Роут почувствовал себя так, словно только что выиграл пари у самого себя.
— Эта женщина гениальна, — сказал он.
— Нет, нет, Ханна. Мне, правда, приятен твой комплимент, но… — Мона перевела взгляд со своей работы на Роута, — мы обе должны признать, что у мистера Джеррика великолепное сложение. — Она слегка подтолкнула Ханну локтем. — У меня появилась отличная идея! Подойди к нему и засунь в дырочку на ремне цветок. Лучше всего — желтую маргаритку. Это будет замечательный, нежный контраст с его сильным торсом.
Высокомерие на лице Ханны сменилось шоком. Роут скрипнул зубами.
— Давай, — нарочито безразлично произнес он. — Я не кусаюсь. И целовать тебя тоже не буду, если ты так этого боишься.
— Разумеется, не будет. — Мона снова подтолкнула Ханну локтем. — Какая странная мысль! Поспеши, милая. А то уже скоро начнет темнеть.
— Ладно. Иду, — сказала Ханна, неохотно двинувшись к Роуту. Она не отрывала взгляда от букета.
Мужчина заметил, что ее щеки стали пунцовыми. Девушка явно не испытывала ни малейшего желания вставлять цветок в его ремень. Как, впрочем, и работать в его фирме. Он почувствовал раздражение. Подойдя к нему, Ханна постаралась управиться с маргариткой как можно быстрее.
— Так хорошо? — спросила девушка, поспешно отойдя в сторону.
Мона нахмурилась.
— Ровнее. Не горизонтально, а вертикально.
Ханна неохотно поправила цветок.
— Вот так?
— Да, так лучше. И еще чуть ровнее.
Мужчина заметил, что теперь щеки девушки просто полыхали, и даже испугался: может быть, у нее тепловой удар?
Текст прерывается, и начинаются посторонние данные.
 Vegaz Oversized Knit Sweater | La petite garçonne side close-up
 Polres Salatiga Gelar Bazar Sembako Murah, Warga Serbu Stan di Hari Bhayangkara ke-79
— С тобой все в порядке? Ты вся красная.
Ханна сглотнула и на мгновение встретилась с ним взглядом.
— Все в порядке, — произнесла она и сразу же отвернулась. — Послушай, Мона, мне нужно идти. Поставлю цветы в воду. И я не очень хорошо себя чувствую.
Мона казалась удивленной ее словами, но милостиво махнула рукой.
— В таком случае иди. Думаю, лучше было бы прижать цветок к животу, мистер Джеррик. Он прилипнет. — Женщина быстро реализовала эту идею. — Вот, теперь все просто идеально!
— Рад, что мой пот смог помочь вам.
Сев на свой стул, Мона взглянула на часы:
— Господи! Уже шесть тридцать. Почему вы не сказали мне, что мы пропустили перерыв?
— Когда занимаешься тем, что нравится, время летит незаметно, — соврал он.
— Значит, вы определенно должны стать моделью.